What is a Black Light?

   

A black light is a source of electromagnetic radiation that emits near-ultraviolet light, usually in the 350-375 nanometer wavelength range. This range is just slightly below the 400nm that human eyes can detect. When this light is reflected off certain materials, it looses energy and its wavelength expands to over 400nm. The reflected light is then visible to human eyes, and the illuminated objects appear to glow. The glow effect is the result of the object reflecting more visible light than the ambient environment. Black lights have been used in entertainment since the 1930's, and have been finding new uses in industry since the mid 1970's.

Standard fluorescent black lights are constructed in an almost identical fashion to their white-light counterparts. Electrical stimulation of mercury releases ultraviolet light, which must be converted to visible light in order for us to see it. In a regular white-light fluorescent bulb, a phosphorous coating is added to the outer glass layer of the bulb. A phosphor is any material that reflects light in the 400-700 nanometer (visible light) range when stimulated by radiation. Black lights do not have this phosphorous coating, so they release little visible light. However, any material containing phosphors in the surrounding environment will react to the UV light, and reflect back visible light.

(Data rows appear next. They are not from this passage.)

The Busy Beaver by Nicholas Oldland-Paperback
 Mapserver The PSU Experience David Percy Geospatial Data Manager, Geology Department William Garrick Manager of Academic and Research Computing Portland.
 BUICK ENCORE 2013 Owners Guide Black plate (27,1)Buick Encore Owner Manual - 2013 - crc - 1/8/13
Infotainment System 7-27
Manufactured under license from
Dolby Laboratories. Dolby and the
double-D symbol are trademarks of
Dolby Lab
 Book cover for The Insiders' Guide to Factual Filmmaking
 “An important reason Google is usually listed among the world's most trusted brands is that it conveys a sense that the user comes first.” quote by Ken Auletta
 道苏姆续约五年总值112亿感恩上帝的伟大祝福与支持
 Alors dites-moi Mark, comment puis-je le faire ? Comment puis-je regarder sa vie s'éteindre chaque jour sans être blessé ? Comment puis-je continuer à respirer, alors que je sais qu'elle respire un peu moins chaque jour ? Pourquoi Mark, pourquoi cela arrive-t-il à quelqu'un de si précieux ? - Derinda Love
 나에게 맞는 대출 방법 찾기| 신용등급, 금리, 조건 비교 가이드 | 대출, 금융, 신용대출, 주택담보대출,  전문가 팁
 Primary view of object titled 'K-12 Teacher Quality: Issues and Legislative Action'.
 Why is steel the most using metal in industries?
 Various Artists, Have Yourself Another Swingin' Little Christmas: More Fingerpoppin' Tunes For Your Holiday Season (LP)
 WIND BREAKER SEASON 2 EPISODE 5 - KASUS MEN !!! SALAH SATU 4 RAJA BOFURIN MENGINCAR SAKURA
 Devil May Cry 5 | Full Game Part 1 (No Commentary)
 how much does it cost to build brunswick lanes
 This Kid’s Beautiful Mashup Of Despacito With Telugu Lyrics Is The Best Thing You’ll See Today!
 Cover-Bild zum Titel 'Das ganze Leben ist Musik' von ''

In addition to their entertainment value, black lights have been put to use in mechanical engineering and repair, criminal investigation, forgery detection, and many other fields. Phosphorous dyes added to liquids will leak from the same places that the liquid itself leaks from, thus creating a phosphorous stain at any leak point. This is very easily detected with a black light. Airplane fuel lines and automotive air conditioner lines are two applications where this method is used extensively. Also, many bodily fluids (such as blood, semen, urine, and saliva) are phosphor-rich. Criminal investigators have been using black lights for years to detect these fluids on crime victims and at crime scenes. Paper manufacturers had begun adding phosphors to almost all white paper in the 1950's. Thus, exposure to a black light will reveal forged documents that are purposed to predate the mid-twentieth century. Money counterfeiters face a similar problem- many governments mark large bills in distinguishable, yet hard to reproduce, patterns of phosphorous materials to thwart forgery.